Bölgede bir, bütün, güçlü ve sağlam tek ülke Türkiye! Kürtler ve
Türkler yüz yılardır bu toprakta kardeşçe yaşamış aynı dinin, aynı
ülkenin mensubu; dürüstlüğü, temizliği ve merhameti ile tanınmış
insanları.
İsrail'in, güvenliği için etrafında büyük ve güçlü devletler
değil küçük, yönetilebilir ve kolayca manipüle edilebilir
devletçikler istediği dünyanın malumu. İsrail’in daimi koruyucusu
ve savunucu ABD’nin de aynı yönde politika izlediği ve İsrail’i bu
hususta kayıtsız şartsız desteklediği de.
Tam da bu noktada ekonomisiyle, ordusuyla, halkıyla güçlü ve
büyük Türkiye bu hedefin önündeki engel olarak görülüyor ve bu
devletleri ve dostlarını rahatsız ediyor olabilir mi?
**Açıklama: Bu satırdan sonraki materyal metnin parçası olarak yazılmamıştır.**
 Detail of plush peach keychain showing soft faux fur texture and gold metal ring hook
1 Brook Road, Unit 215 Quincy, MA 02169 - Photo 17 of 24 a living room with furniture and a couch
Güçlü ekonomisi ve halkıyla barışık Türkiye’yi zayıflatmak,
rayından çıkarmak isteyen aktörler, ülkemizde özellikle son
yıllarda sık sık yokladıkları bazı duyguları kaşıma ve kargaşa
yaratma çabalarının pek de işe yaramadığını görmüşler ve yeni
stratejiler aramaya başlamış olabilirler mi?
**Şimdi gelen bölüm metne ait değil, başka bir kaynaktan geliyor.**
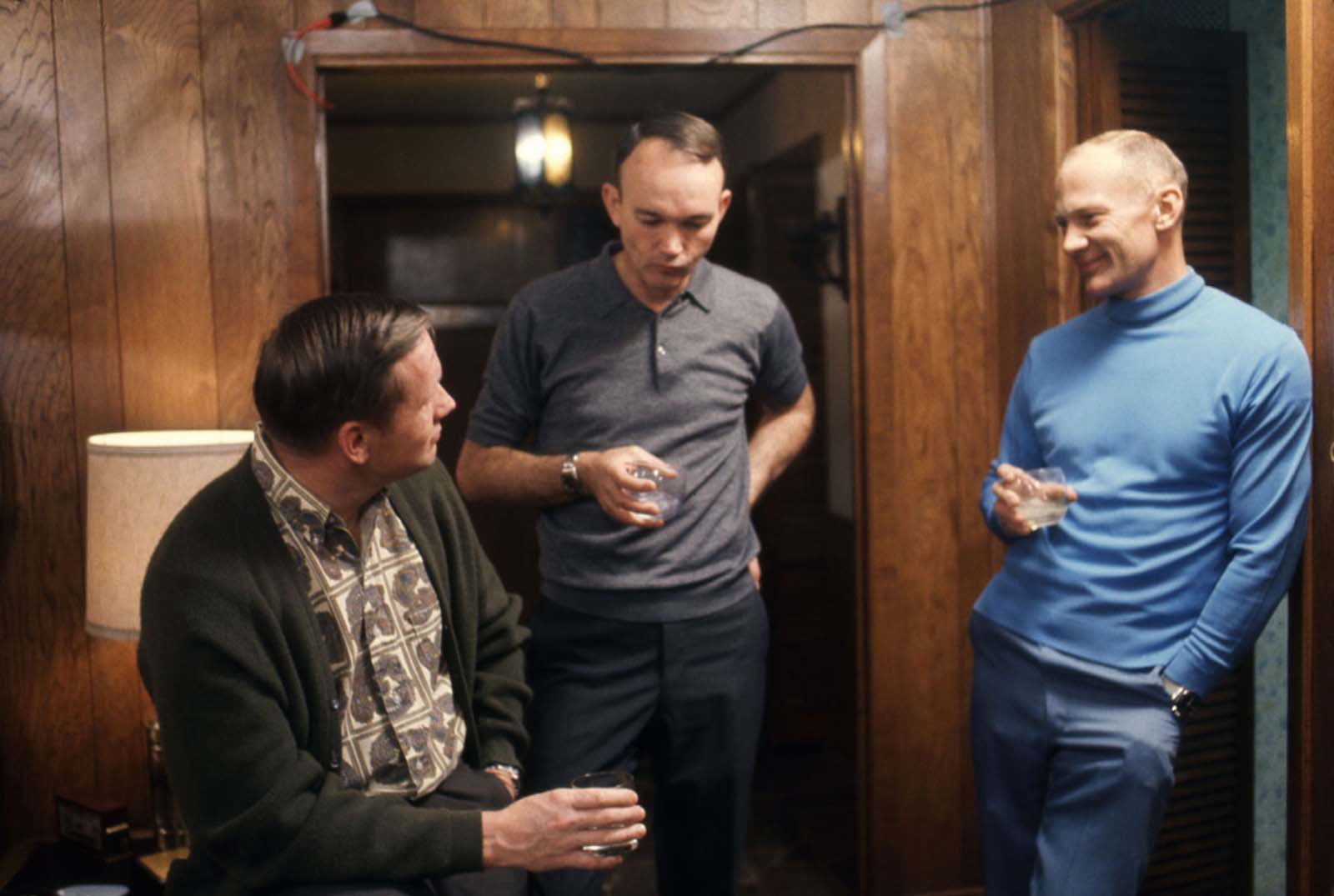 From left: The astronauts Neil Armstrong, Michael Collins, and Buzz Aldrin talk over drinks in a wood-paneled room in Houston, Texas, in March 1969.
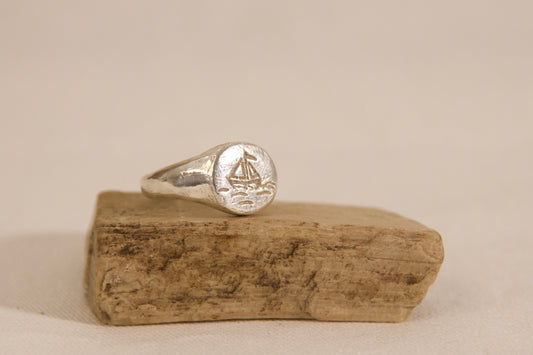Silver ring with a design on a wooden block against a beige background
Son günlerde bazı grupların çağrısıyla sokaklara dökülen
çığırtkanlar, Kobani’yi öne sürerek Türkiye’yi Suriye’ye girmemekle
suçlayanlar ile Türkiye’nin tek başına Suriye’ye girmesini
isteyenler ortak bir amaçta buluşuyor olabilirler mi?
Suriye batağına tek başına saplanmış, uzun yıllar bitmeyecek bir
çatışmanın içinde zayıflamış bir Türkiye kimlerin işine yaracak?
Kimler zayıflamış bir Türkiye’den dişine göre lokmalar koparmak
için zamanı gelince saldıracak? Bu soruların cevabını sizler de
kendinize verebiliyor musunuz?
Bütün bu kargaşalar olurken “Sahi bugünlerde Filistin’de neler
oluyor?” diye sizin de kendi kendinize sorduğunuz oluyor mu? Irak
ve Suriye sisinin gerisinde kaybolup giden perişan durumdaki
Filistinlilere dair bugünlerde basında tek bir haber bile yer
almıyor. O insanlara ne oldu? Yıkılan şehirleri, yaralanan
kadınları, çocukları ne durumda? İsrail, son günlerde Gazze’de yeni
adımlar attı mı? Bu da vicdanımızda zonklayan başka bir konu.
Sahi bu soru(n)lar sizin de uykunuzu kaçır mıyor mu?